The classification work that produces the sovereignty architecture starts from the data, not from the infrastructure. What data does this system process, and what sovereignty requirements apply to that data? The answer to that question determines the infrastructure requirement. The infrastructure decision follows the data classification, not the other way around.
The practical consequence for most European enterprises is a tiered architecture: the most sovereignty-sensitive systems on European cloud or on-premises infrastructure with genuine operational control, the less sovereignty-sensitive systems on hyperscaler infrastructure with appropriate contractual protections, and the non-sensitive systems wherever the economics are best.
This is not a novel architecture principle.
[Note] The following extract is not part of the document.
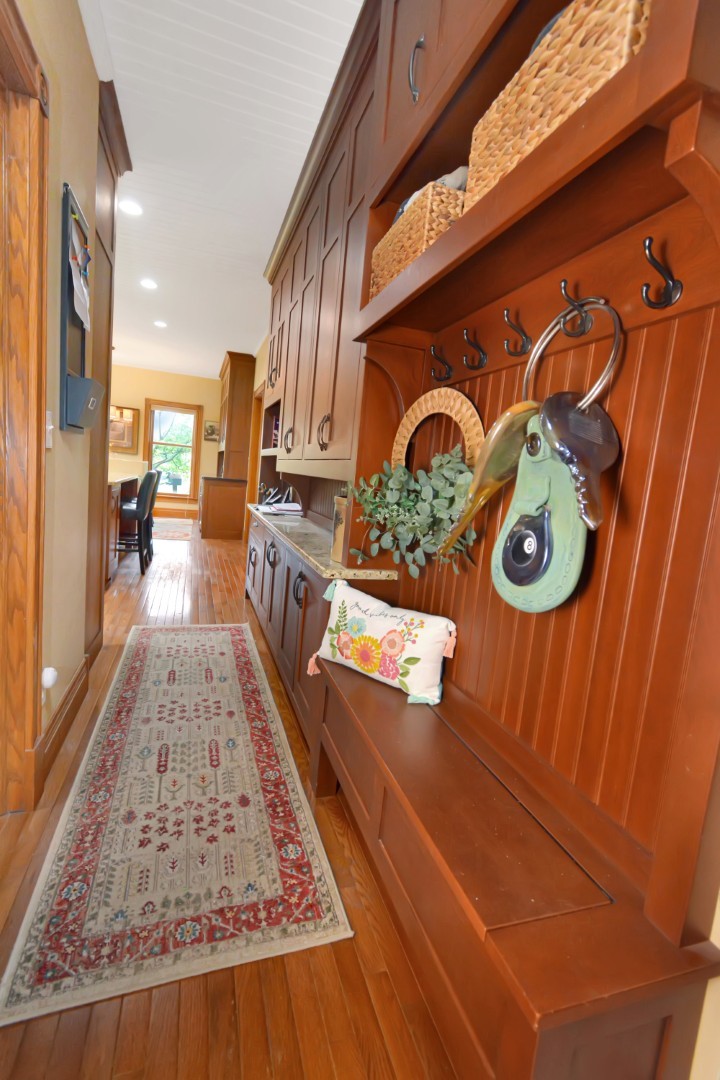 9030 Hardesty Run, Bloomington, IL 61705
The challenge is executing the classification with sufficient rigour and updating the infrastructure assignments to match the classification outcomes. Most European enterprises have done the classification imprecisely and have not updated their infrastructure assignments to reflect the sovereignty requirements their own classification would reveal.
The Vendor Landscape That European Enterprises Should Be Evaluating
The European cloud vendor landscape in 2026 is materially different from the landscape that most enterprise cloud strategies were written against. The honest assessment of European alternatives has three findings.
European cloud providers are credible for the majority of enterprise workloads at the compute and storage level. The capability gap that existed in 2020, where European providers could not provide the managed service breadth or the global reach that hyperscalers provided, has narrowed significantly for European workloads that do not require hyperscaler-specific global distribution.
The managed services gap remains the most significant gap. The deep ecosystem of AI services, analytics services, and developer tools that hyperscalers have built around their infrastructure has no European equivalent at equivalent breadth. European enterprises that are heavily dependent on hyperscaler-specific managed services face a larger migration challenge than those using IaaS or standard PaaS services.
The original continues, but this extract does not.